Israelische Truppen haben sich am 7. April aus Teilen von Khan Yunis im südlichen Gaza zurückgezogen. Palästinensische Familien kehren in das Gebiet zurück. (picture alliance / Anadolu / Yasser Qudaih)
Die NEUE ZÜRCHER ZEITUNG spricht von einem Wendepunkt in dem Konflikt: "Der Rückzug bietet nun die Chance, eine Form von Ordnung wiederherzustellen. Indem Israel den militärischen Druck in Süd-Gaza verringert, kann es seinen Handlungsspielraum sowohl militärisch als auch politisch vergrößern. Natürlich besteht das Risiko, dass sich die Hamas nun wieder stärker im südlichen Gazastreifen breitmacht. Doch je mehr sich die Terroristen aus der Deckung wagen, desto angreifbarer sind sie. Gleichzeitig hat Israel nun die Möglichkeit, eine angemessene Versorgung der palästinensischen Bevölkerung sicherzustellen und die Zerwürfnisse mit seinen Verbündeten zu kitten", heißt es in der Schweizer NZZ.

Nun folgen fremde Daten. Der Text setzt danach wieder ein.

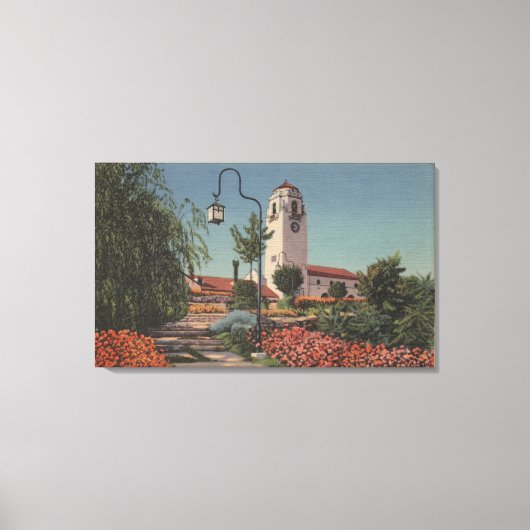 Boise, ID - Uitzicht van de Stille Oceaan van de U Canvas Afdruk (Voorkant)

Die Frage, ob der Krieg im Gazastreifen mit dem Abzug beendet sei, könne nicht eindeutig beantwortet werden, schreibt die israelische Zeitung HAARETZ: "Obwohl sich der Krieg von einer Luft-Land-Operation zu einem Zermürbungskrieg entwickelt hat, gibt es keinen offiziellen Waffenstillstand. Besonders kritisch ist, dass es keine Pläne für eine Regierung im Gazastreifen gibt. Andererseits ist der Krieg de facto beendet. In absehbarer Zukunft wird es keine Invasion von Rafah an der Südspitze des Gazastreifens geben, was jedoch eine größere Operation in einigen Wochen oder Monaten nicht ausschließt. Humanitäre Hilfe wird nun in viel größerem Umfang nach Gaza fließen", prognostiziert HAARETZ aus Tel Aviv.

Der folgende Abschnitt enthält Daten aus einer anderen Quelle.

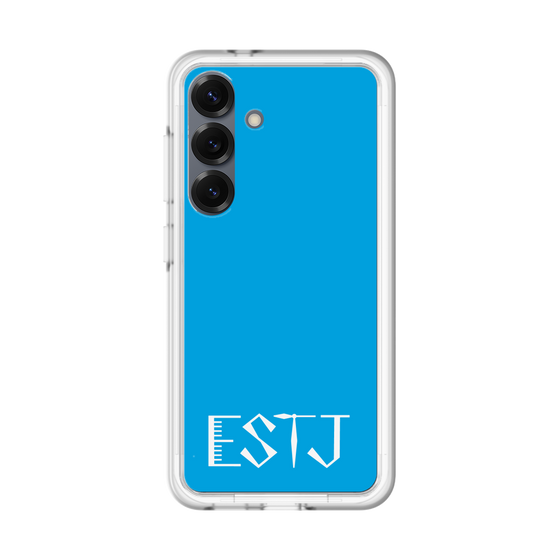 Slim Protection Premium Case［ Original - ESTJ Executive - Alphabet - Blue ］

Die panarabische Zeitung SHARQ AL-AWSAT aus London kommt zu folgender Einschätzung: "Der Rückzug der israelischen Armee aus Chan Junis dürfte nicht zuletzt auf Druck aus Washington zurückgehen. Er deutet darauf hin, dass die Beziehungen zwischen den USA und Israel an einem Scheideweg stehen. Das israelisch-amerikanische Verhältnis steht vor einer Bewährungsprobe, deren Auswirkungen die gesamte politische und sicherheitspolitische Situation des Nahen Osten betreffen könnten."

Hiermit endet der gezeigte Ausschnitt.